Nicki sang Bobby Darin’s biggest early hit “Somewhere Beyond the Sea” with velvety romance, which was one of the special highlights of the afternoon. “These Dreams,” a 1968 pop-rock hit by the band Heart offered complex challenges for chord changes on Nicki’s bass as she followed Larry’s piano lead in this effervescent romp as Melito laid down sophisticated yet light drumming that I thought remarkable. "I Will Wait for You" by recently deceased composer Michel Legrand unearthed composed and patient seduction.

Singing “Hernando’s Hide-a-way,” written by Jerry Ross and Richard Adler for the musical Pajama Game and published in 1954, Nicki delivered a Doris Day cover version sung with good Spanish accent. (This was also a big hit for dancer and singer Desi Arnaz.) Nicki sang a cover of Bing Crosby’s 1931 hit “Just One More Chance.” Once more the sexual reversion of a woman covering a famous male hit was accomplished with invisible finesse that challenged the original.

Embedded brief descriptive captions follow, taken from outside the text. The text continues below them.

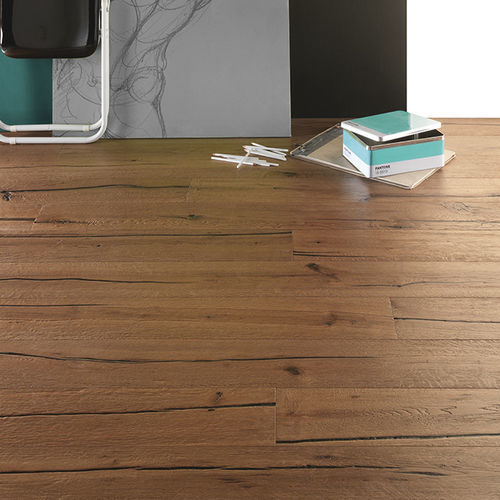 Piso estruturado - Alberta - BERTI PAVIMENTI LEGNO - em carvalho / flutuante / de tábua larga
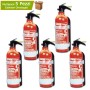 Estintori a Polvere da Kg 1 Omologati Antincendio Multipack Pezzi 5 Barca Auto Camper Casa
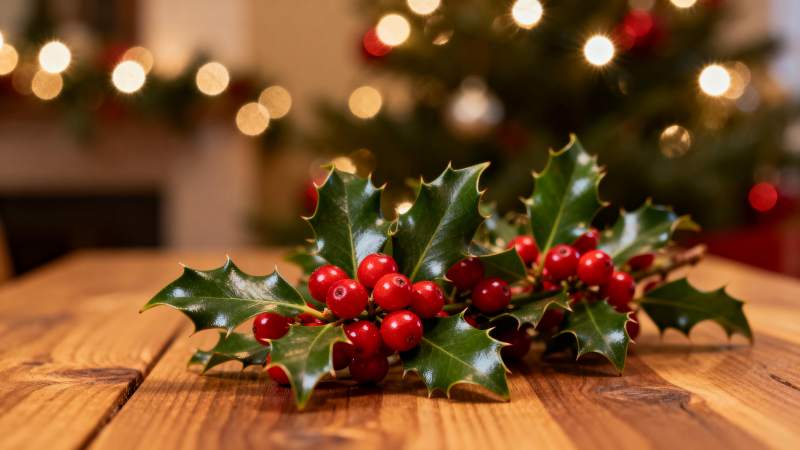 冬青红果迎圣诞图片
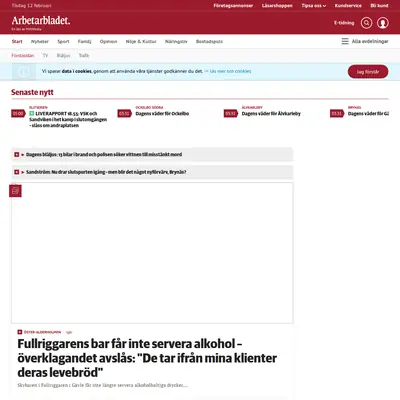 Arbetarbladet startsida 2019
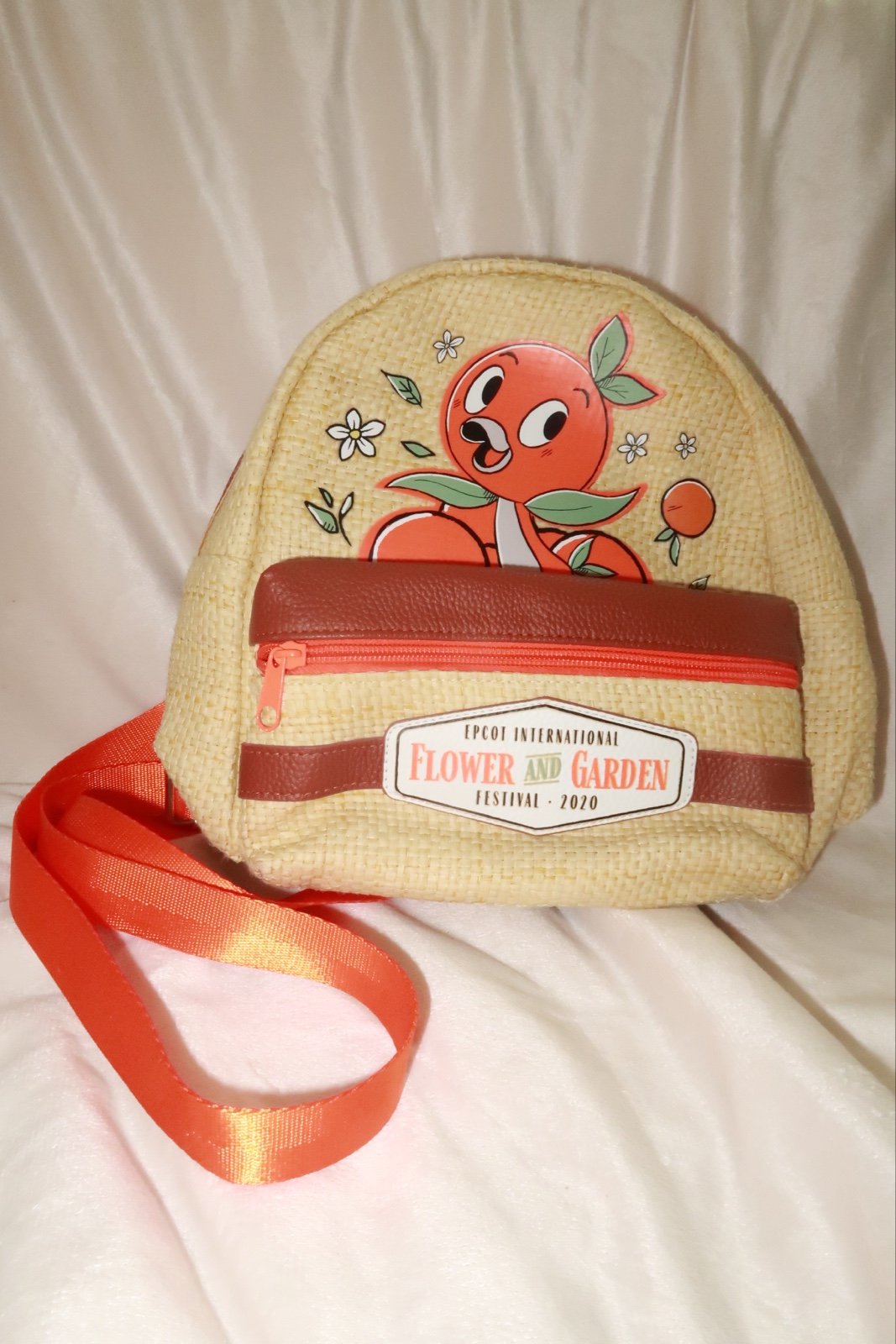 orange bird Disney bag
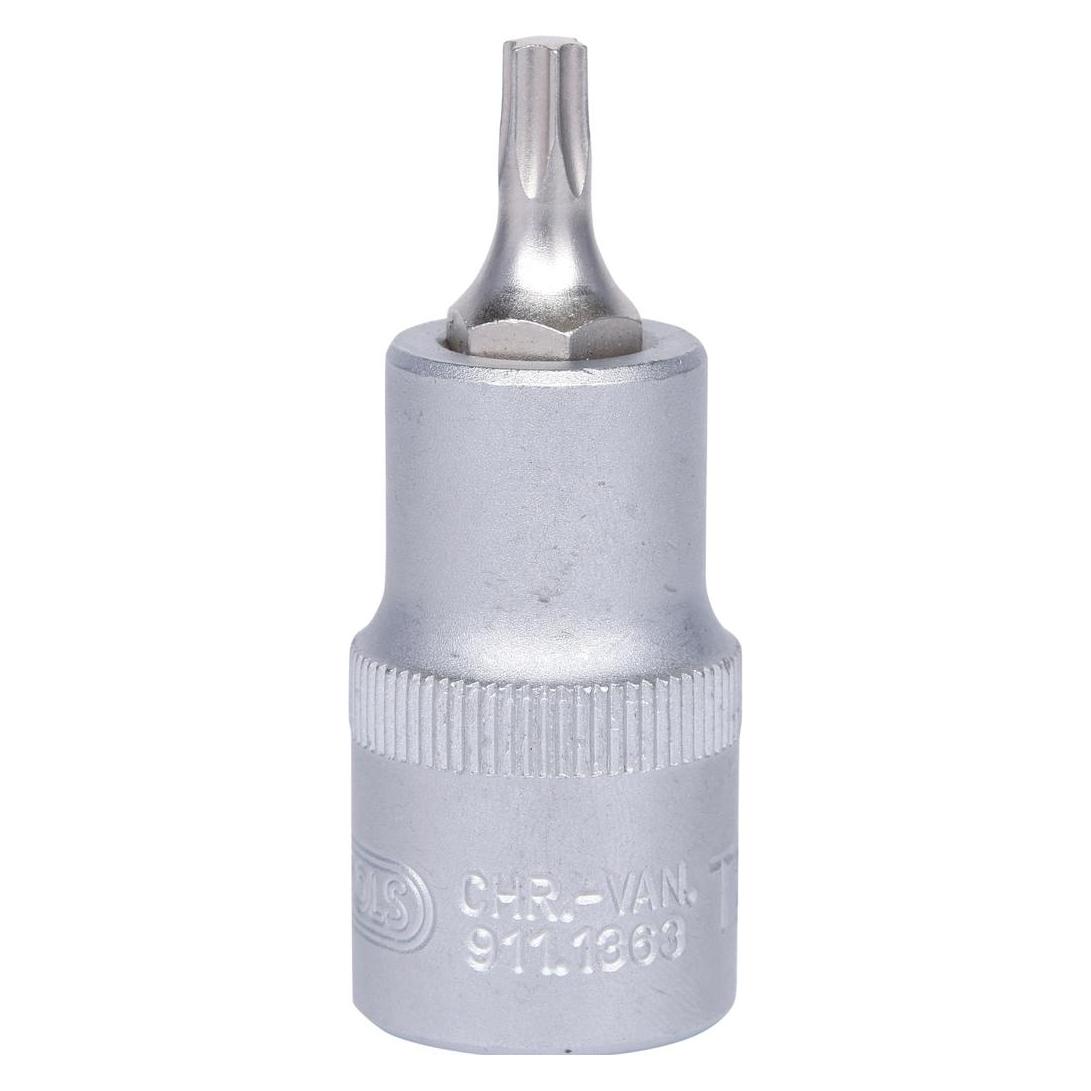 KS Tools Werkzeuge-Maschinen GmbH 1/2 Bit-Stecknuss Torx, T27, auf Hänger (911.1363-E)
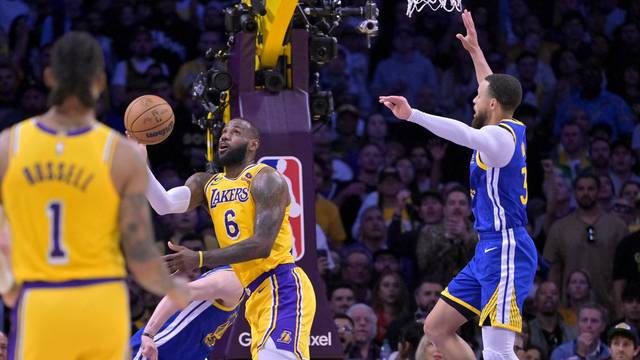 NBA: Playoffs-Golden State Warriors at Los Angeles Lakers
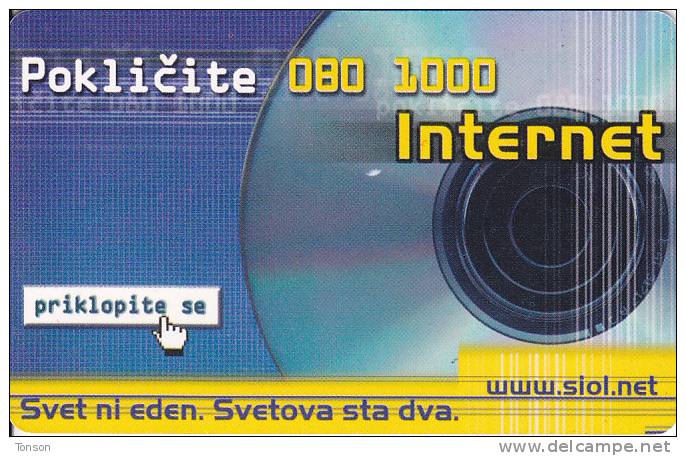 Slovenia, 273, Be Internet / Call 080 1000, 2 Scans. - Slovénie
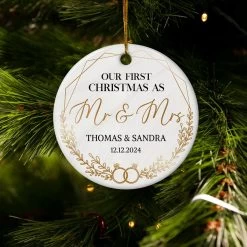 Personalized First Christmas Mr And Mrs Ornament Custom Photo Picture Couple Ceramic Double Sided Ornaments Wedding Marriage Keepsake Gifts For Newlywed Couple Christmas Tree Decorations -Gift Series Store FMSJOCAKPV150723001c Mk5 fe36fb07 5c3b 4fae b2c9 4de17986e09a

“It’s You or No One for Me” was a Doris Day hit and Nicki delivered a successfully competing challenge to the Doris Day version. “The Rainbow Connection” provided the emotional roller coaster that summed up the ups and downs of the program. Nicki was more introverted and intimate here.

The unstated program of this concert was rooted in tradition, yet that tradition was about re-inventing and updating that tradition with the voices of the current players on the stage. The result was new wine poured into old casks and pop hit elevated to a more sophisticated artistic platform. This concert was a special treat and retrospective on nearly a hundred years of cabaret at its best.